Segment Start: Data shown
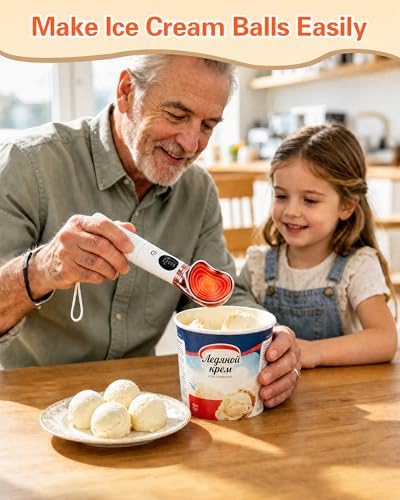 Heated Ice Cream Scoop Rechargeable with Dishwasher Safe Removable Head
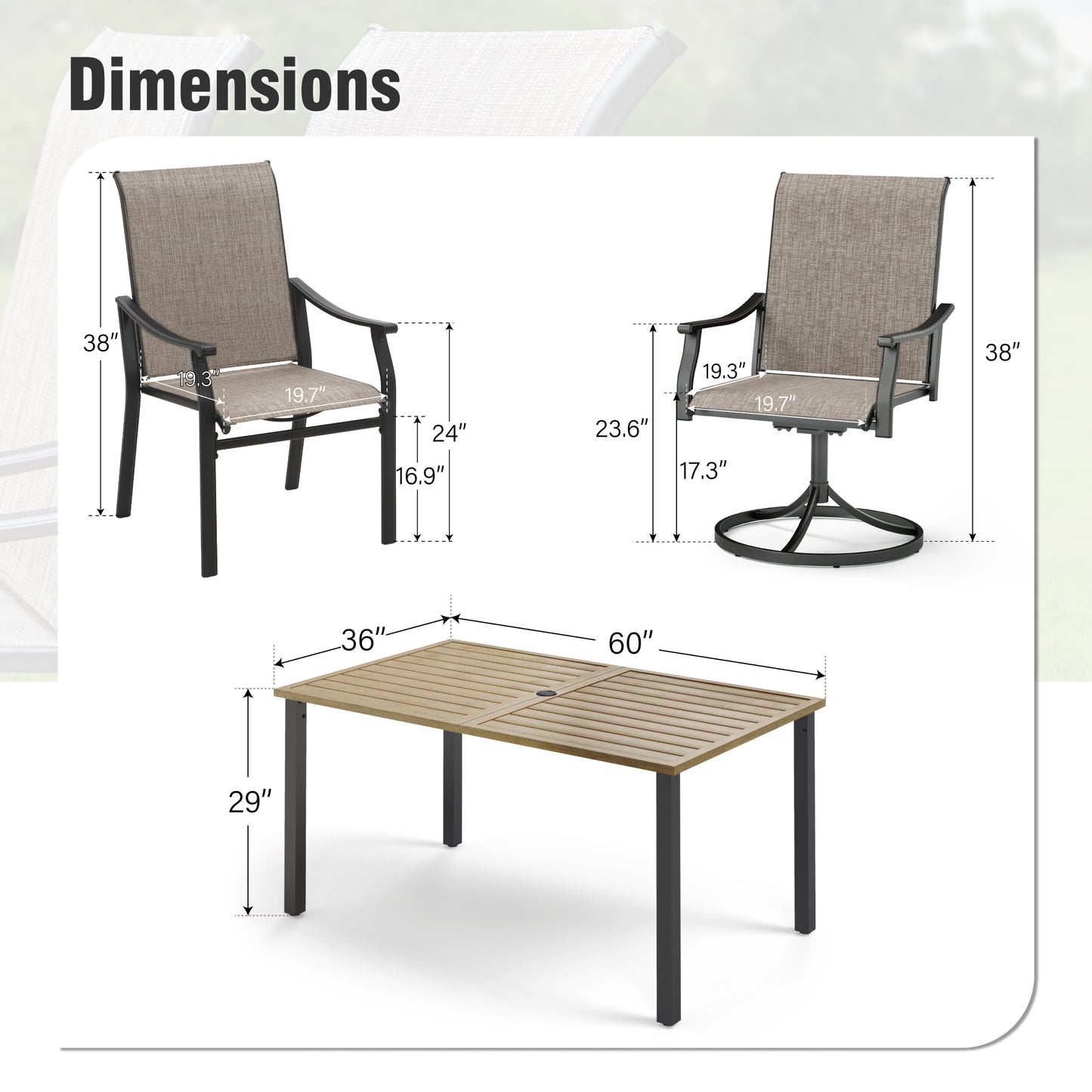 Captiva Designs 7 件套户外餐桌椅套装，配有带板顶的矩形桌子和高背藤制固定椅子
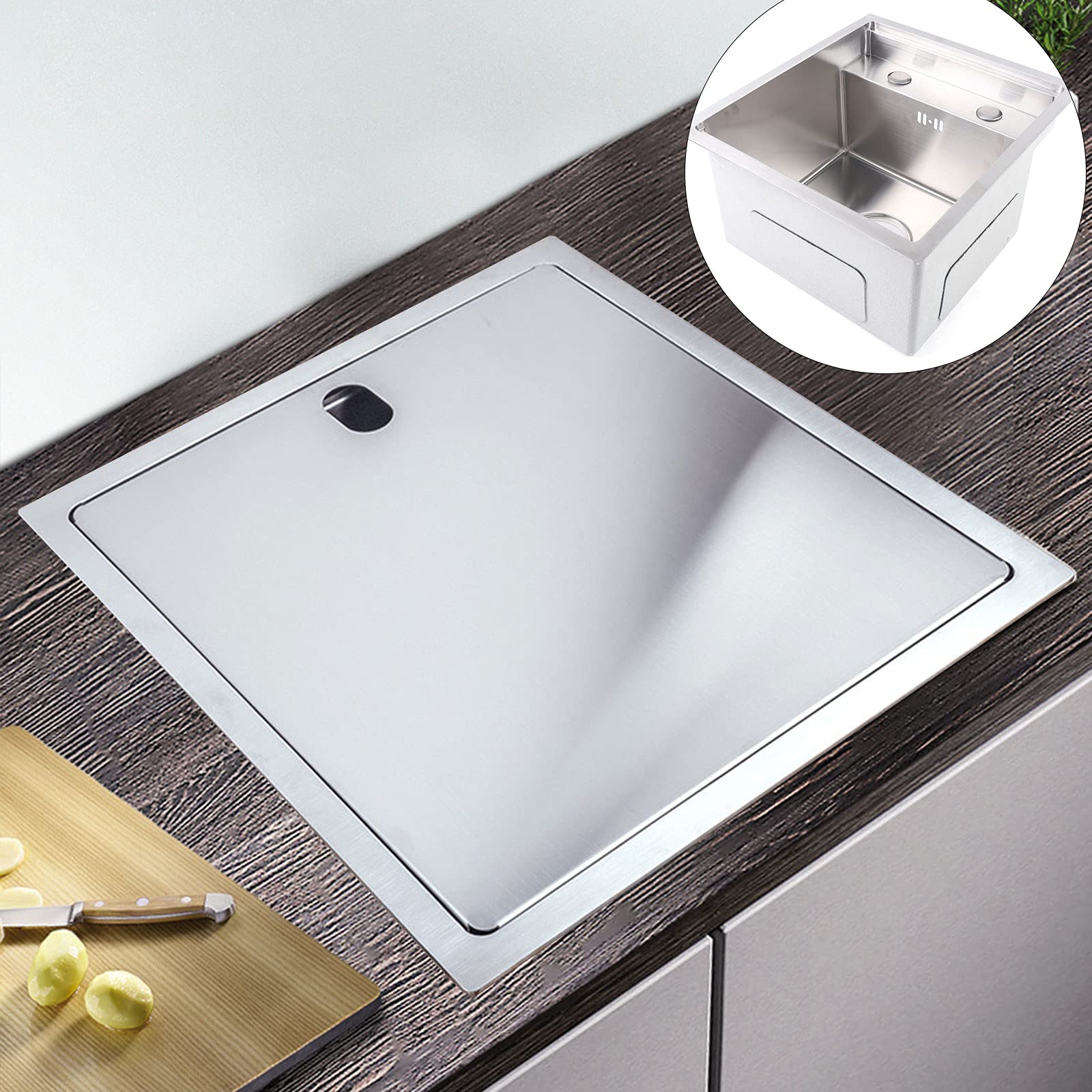 16.9 x 15.4 Inch Undermount Single Bowl Kitchen Sink - Brushed Stainless Steel with Folding Faucet & Cover - Perfect for Home Kitchen Renovation & Small Space Installation (Silver)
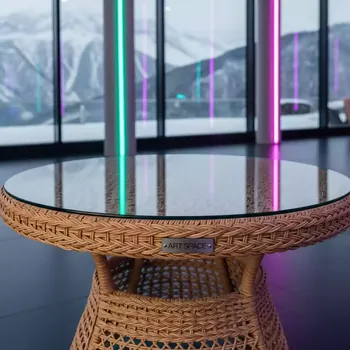 Аренда Стол из искусственного ротанга T306 D 105 light brown в Sochi Marriott Krasnaya Polyana — ART SPACE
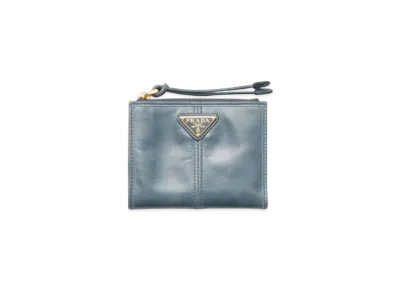 PRADA Small Leather Wallet "Blue"
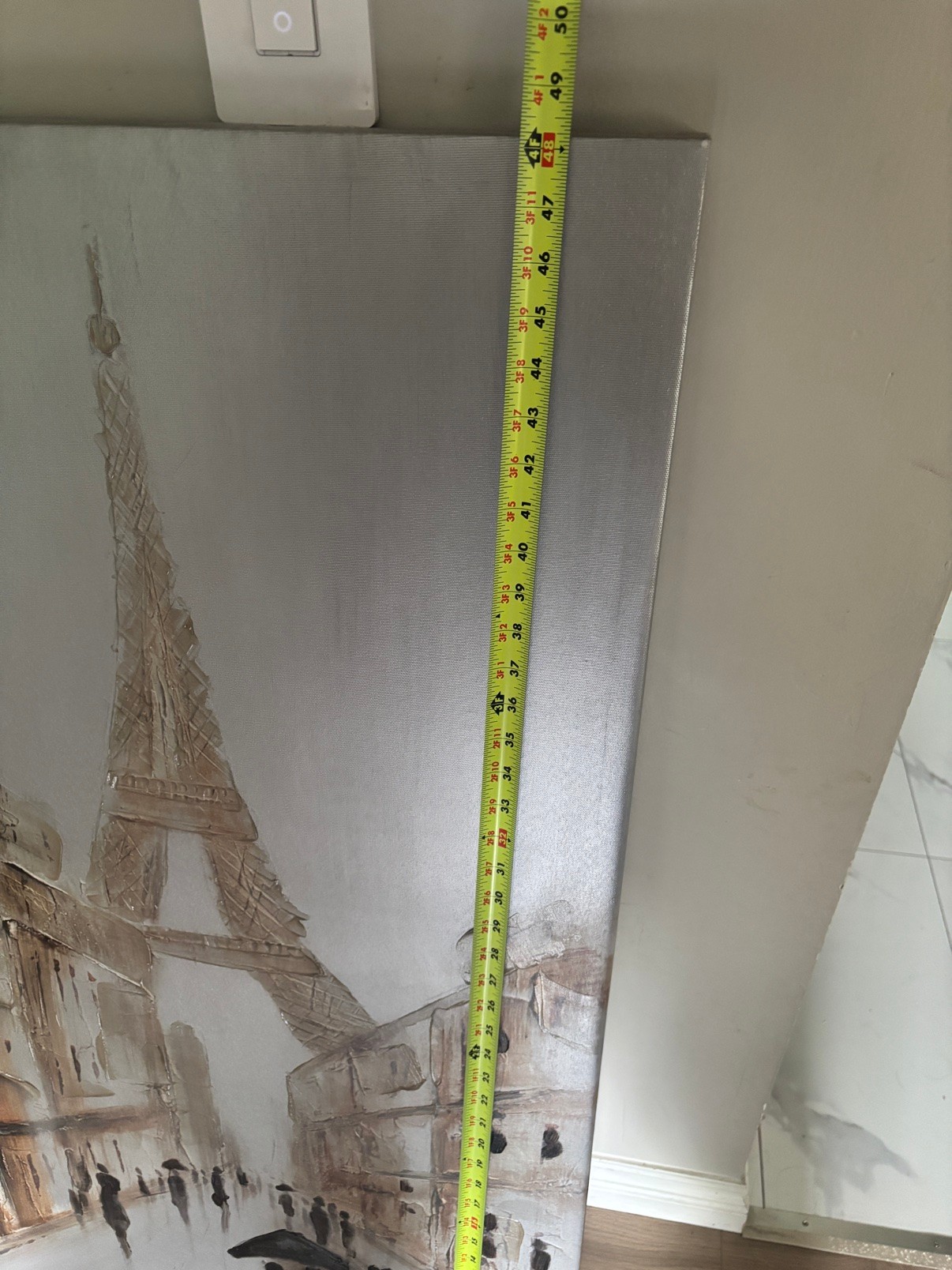Large Paris Eiffel Tower Canvas Painting - 36x48in Wall Art - photo 4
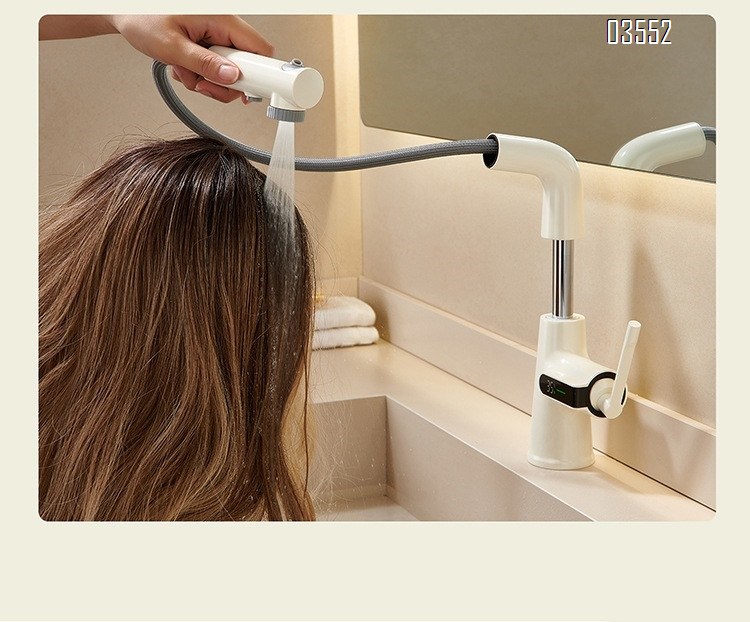 Multifunction 360° Rotating Extendable Kitchen Faucet Digital Led Temperature Display Faucet Bathroom Pull Out Basin Faucet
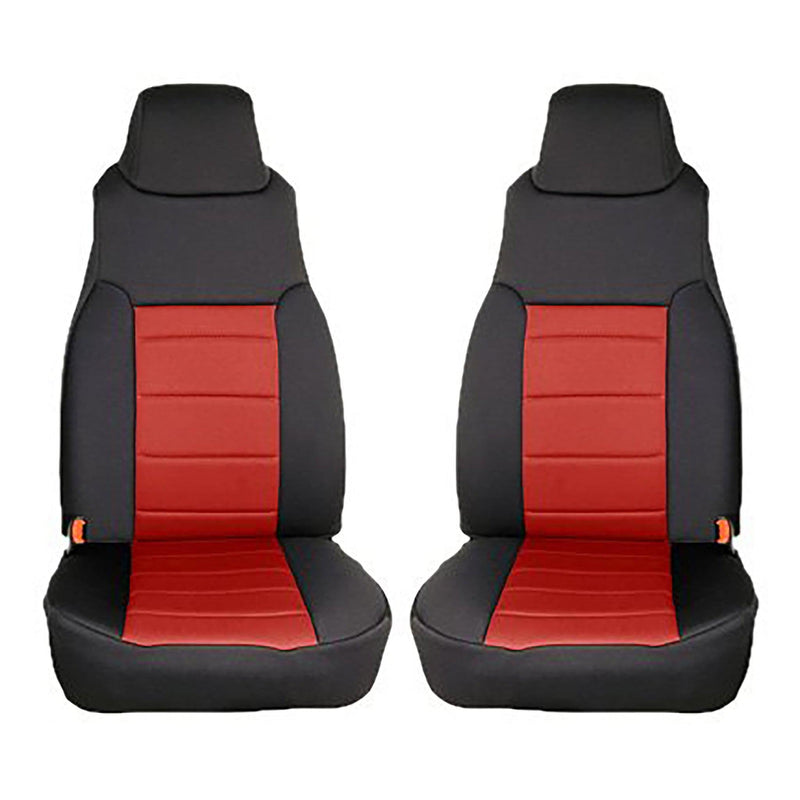 Neoprene Front Seat Covers, Red by Rugged Ridge ('97-02 Jeep Wrangler TJ)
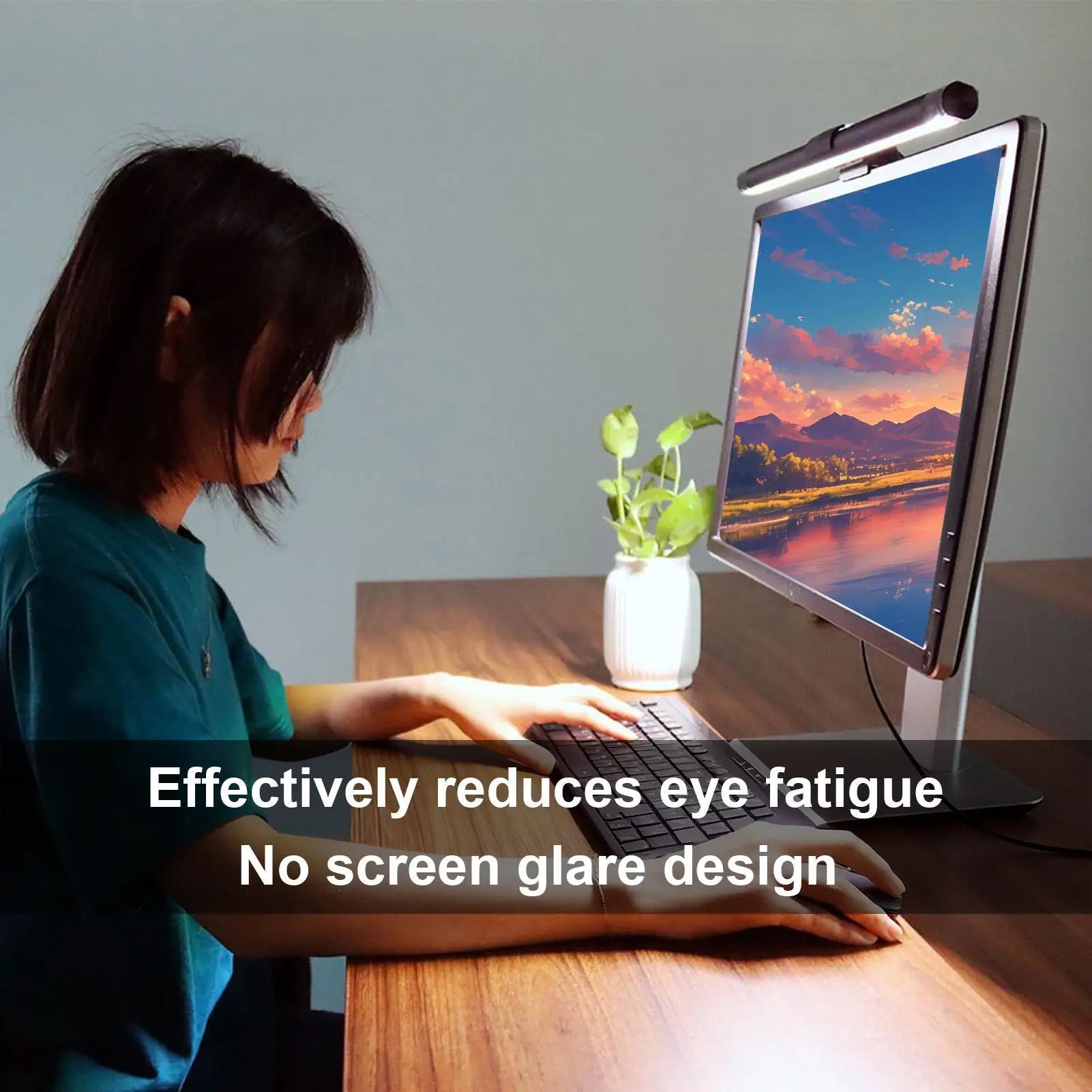 Monitor Light 3 Colors Adjustable Lamp Anti-glare Screen Lights Qme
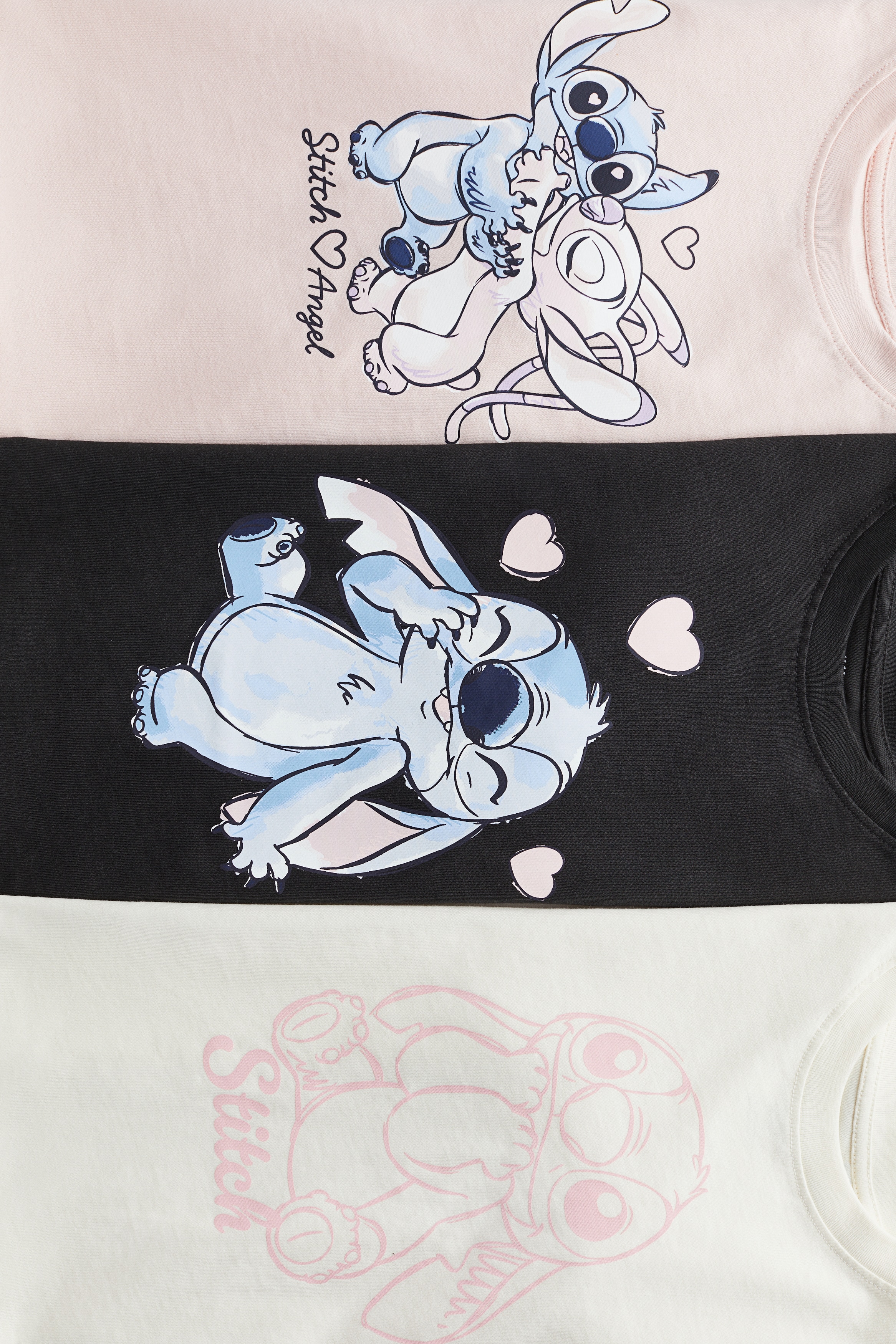 3-pack Printed Jersey Tops - Light pink/Lilo & Stitch - Kids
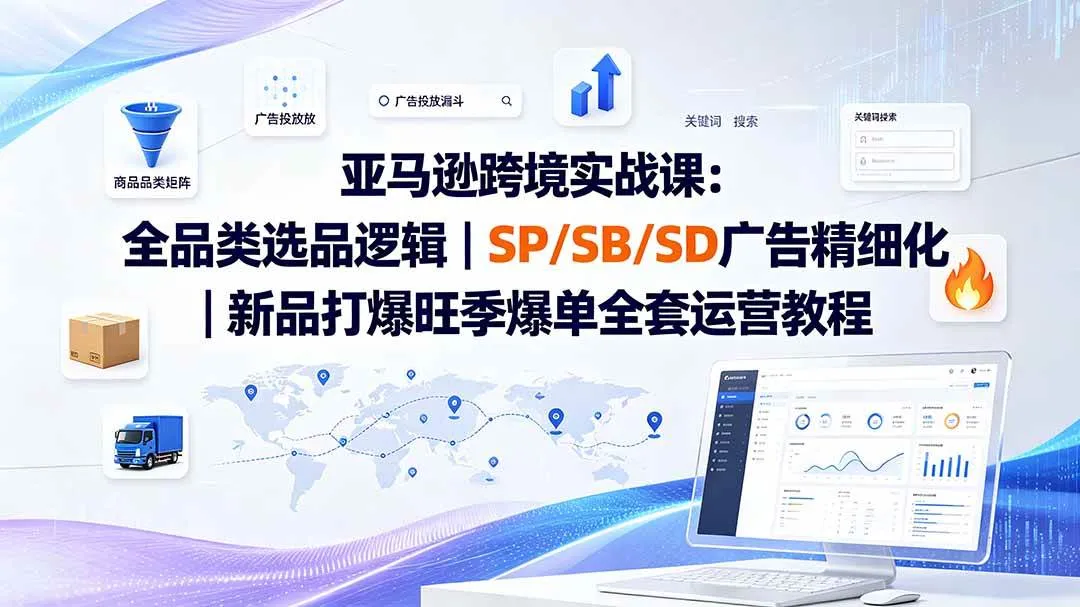 【20160期】亚马逊跨境电商实战攻略-8月更新：全品类选品策略+SP/SB/SD广告优化+新品旺季爆单全教程 - 趣客盟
Segment End: Data shown
| Action item |
Your copy should consist solely of the lines from the line containing "PRADA Small Leather" through the last line of the records above, reproduced exactly, with the pictures left out.

| Answer for the task |
 PRADA Small Leather Wallet "Blue"
Large Paris Eiffel Tower Canvas Painting - 36x48in Wall Art - photo 4
 Multifunction 360° Rotating Extendable Kitchen Faucet Digital Led Temperature Display Faucet Bathroom Pull Out Basin Faucet
 Neoprene Front Seat Covers, Red by Rugged Ridge ('97-02 Jeep Wrangler TJ)
 Monitor Light 3 Colors Adjustable Lamp Anti-glare Screen Lights Qme
 3-pack Printed Jersey Tops - Light pink/Lilo & Stitch - Kids
 【20160期】亚马逊跨境电商实战攻略-8月更新：全品类选品策略+SP/SB/SD广告优化+新品旺季爆单全教程 - 趣客盟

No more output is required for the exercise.